American photographer (1892–1977)

George Watson (February 10, 1892 – May 12, 1977) was a 20th-century American photographer working in California. Several of his relatives were also in the photo business, or in the motion picture industry, or broadcast news.

Watson was born in 1892 in Moncton, Westmorland, New Brunswick, Canada. Watson immigrated to the U.S. in 1900 and was naturalized a citizen in 1909. Watson got his first newspaper staff job in Los Angeles in 1910. He shot aerial photos of Los Angeles in 1919, and he photographed the St. Francis dam disaster and the Owens River Aqueduct bombing. Watson also founded the Los Angeles Press Photographers Association.

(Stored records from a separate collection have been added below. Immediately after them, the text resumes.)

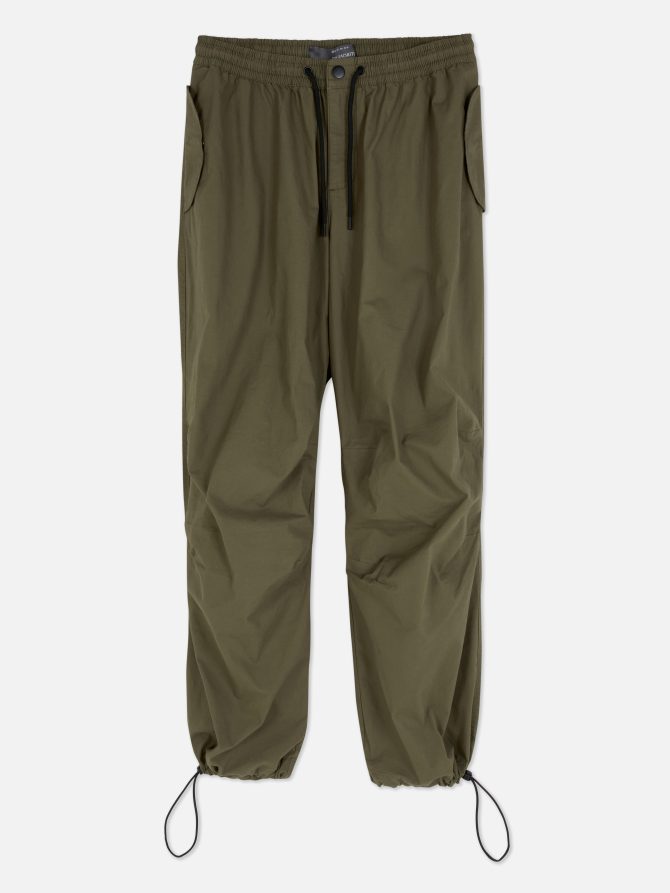 Elasticated Waist Parachute Pants - Image 5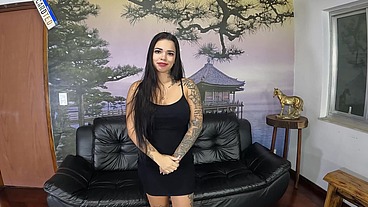 A primeira DP Anna Belutti
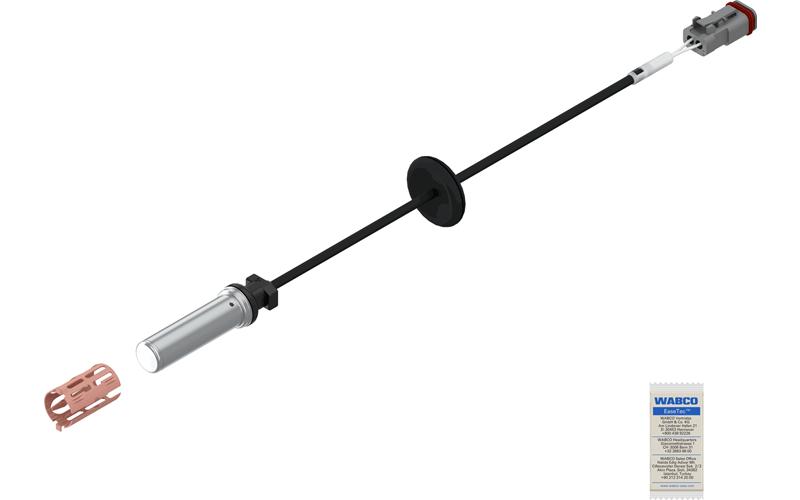 ABS Sensörü (Arka Sol) Volvo FH4 Renault T (3950mm) | OEM 5010457861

He left newspapers to become manager of ACME Newspictures, later UPI Photo. He took celebrity and Hollywood photos in the 1920s and 1930s in company with colleagues like Paul Strite, Dick Farrell, and Hyman Fink. The family archive includes of a photo by Watson of Albert Einstein and Charlie Chaplin together at a movie premiere in the 1920s.

The work of the Watson clan was exhibited in a show at the Los Angeles Science Museum in 1972. The Getty holds a collection of Watson's shots. The total Watson family archive may include between one and two million photographs.